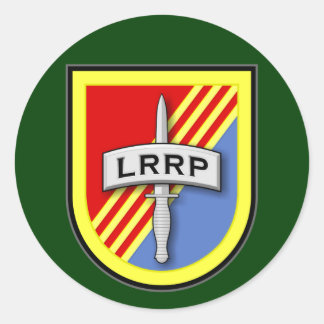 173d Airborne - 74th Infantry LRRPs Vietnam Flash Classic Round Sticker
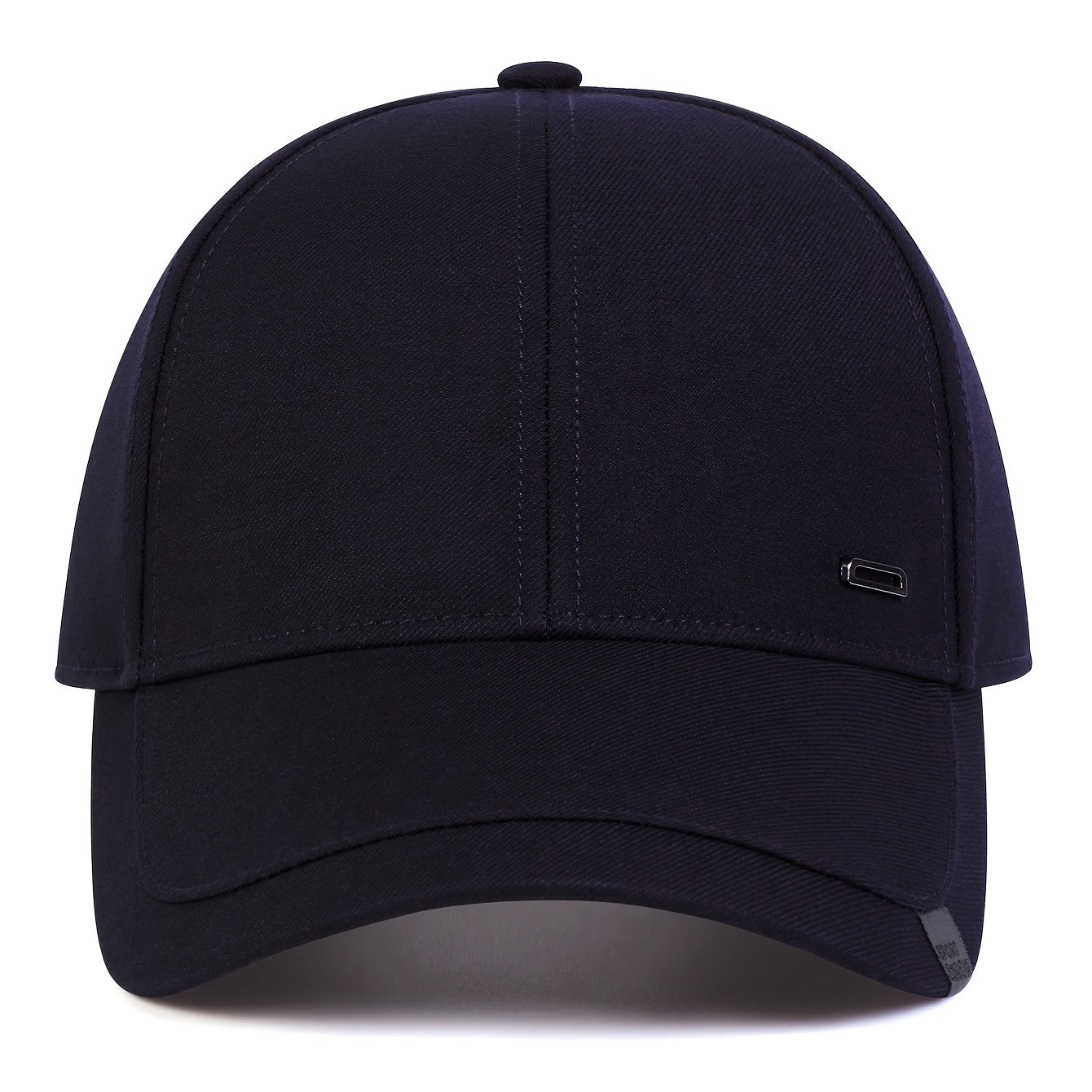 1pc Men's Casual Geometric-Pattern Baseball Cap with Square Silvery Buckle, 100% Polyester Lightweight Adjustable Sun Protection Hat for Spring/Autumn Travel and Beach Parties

==

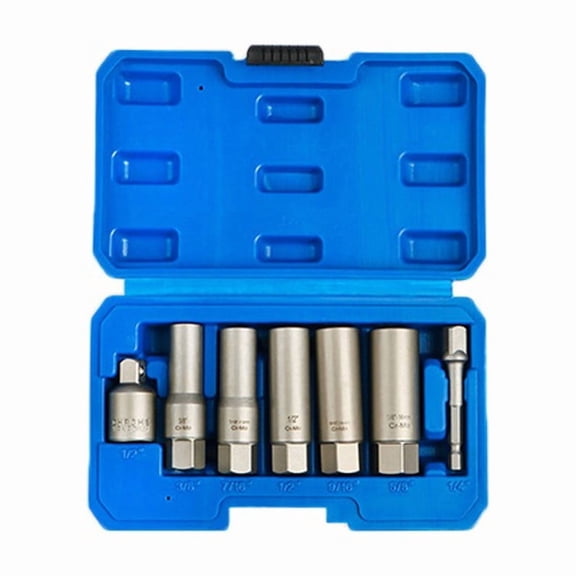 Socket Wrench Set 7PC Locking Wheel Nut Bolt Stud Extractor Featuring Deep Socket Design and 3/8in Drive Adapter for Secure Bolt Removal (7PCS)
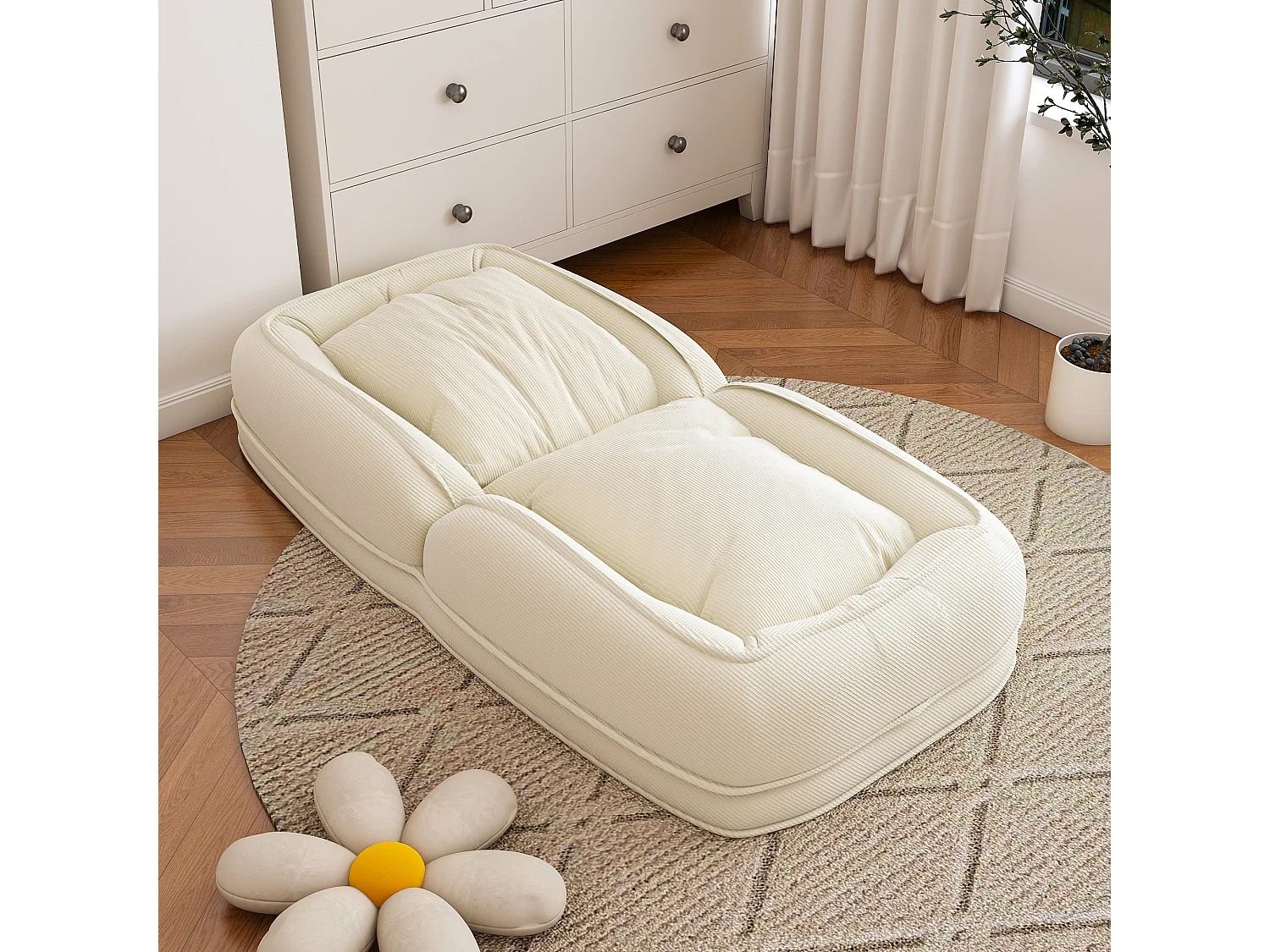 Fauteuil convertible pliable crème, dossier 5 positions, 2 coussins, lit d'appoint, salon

● What the exercise asks
Return, exactly as they stand, the lines above from the one with "173d Airborne - 74th" to the one with "1pc Men's Casual", omitting any pictures among them.

● Expected answer
 173d Airborne - 74th Infantry LRRPs Vietnam Flash Classic Round Sticker
 1pc Men's Casual Geometric-Pattern Baseball Cap with Square Silvery Buckle, 100% Polyester Lightweight Adjustable Sun Protection Hat for Spring/Autumn Travel and Beach Parties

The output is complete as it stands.